Mr. Obama outlined the plan in his weekly radio address last Saturday, and on YouTube. In the weekly address, Obama said that these plans would be implemented along with other one-time measures to help jump-start the weak economy. The measures would be typical of federal stimulus packages, containing money for road improvements and other job-creating public works projects.
Obama’s total package will cost in excess of $775 billion. Congress, in a push to help the weakening economy, has proposed that the stimulus plan be ready for a vote in January. But with inevitable delays during the holidays, the House is not expected to vote on the plan until sometime in February. Also, there are concerns over the overall cost of the package, and that the final draft could contain too much so-called pork barrel spending.

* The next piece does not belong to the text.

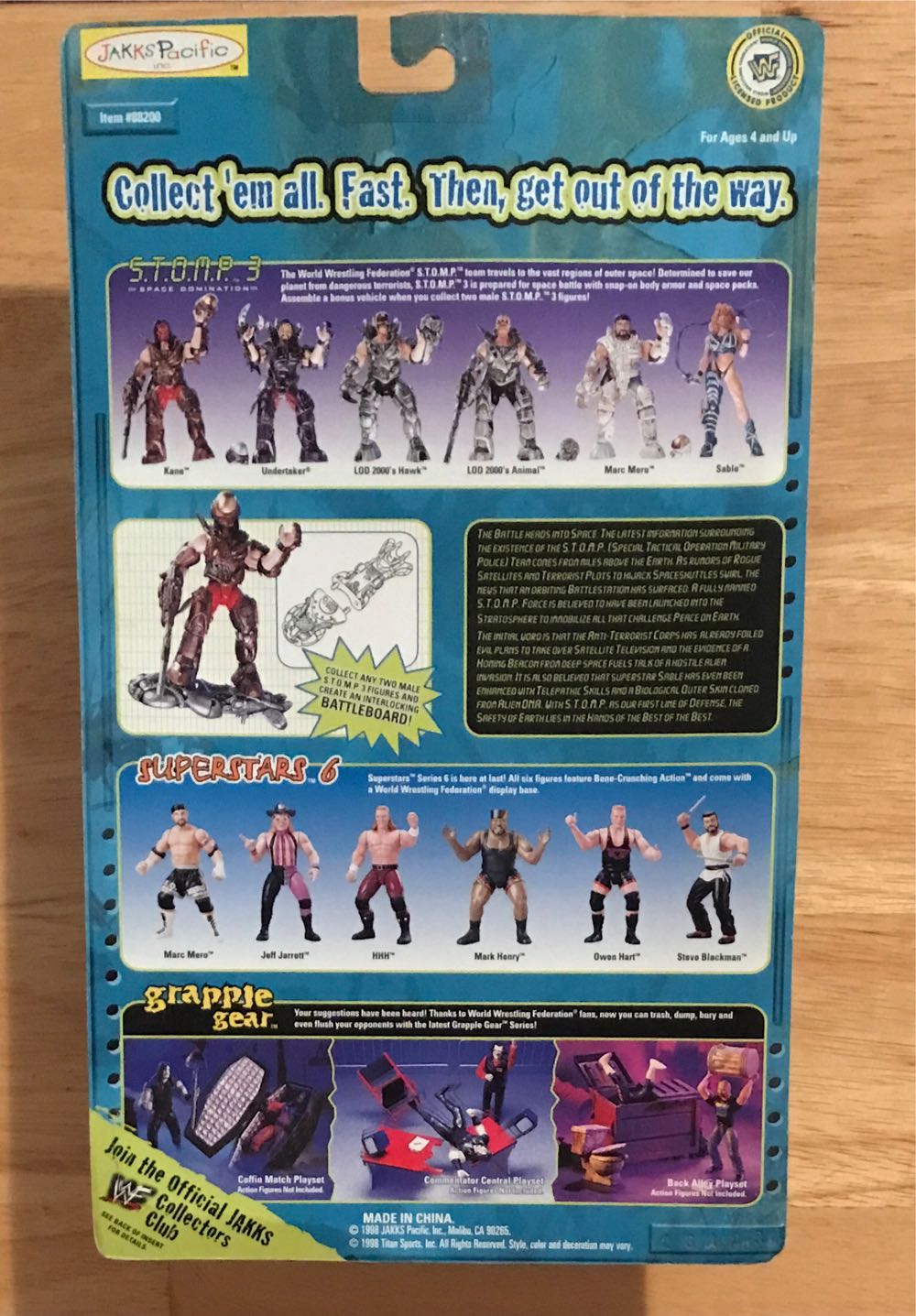 WWF Jakks Pacific BCA S.T.O.M.P. Series 3 “Space Domination”: Marc Mero - WWF Jakks Pacific BCA (WWF Jakks Pacific BCA S.T.O.M.P. Series 3 “Space Domination”) action figure collectible [Barcode 039897882055] - Main Image 2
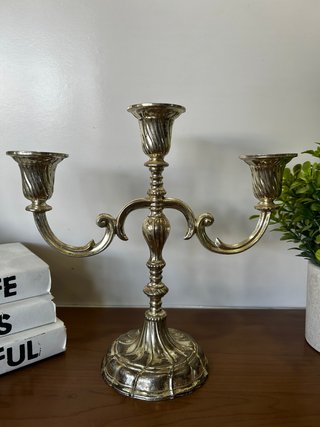 Pareja Candelabros Vintage BMF Alemania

In Saturday’s address, President-elect Obama announced that he would be addressing Congressional leaders of both parties on Monday in Washington to call for bipartisan cooperation for the stimulus package. “We could see a much deeper economic downturn that could lead to double digit unemployment if we don’t act swiftly and boldly” said Obama in his Saturday address.
To generate the demand for goods and services and put money in the hands of consumers, Obama called for proposals that would quickly stimulate the economy, without including waste or special projects. The emerging plan is likely to include hundreds of billions of dollars in relief for states with budget-busting costs for Medicaid, education, and extension of unemployment benefits. The plan also calls for billions of dollars for construction projects that Mr. Obama has dubbed “shovel ready.”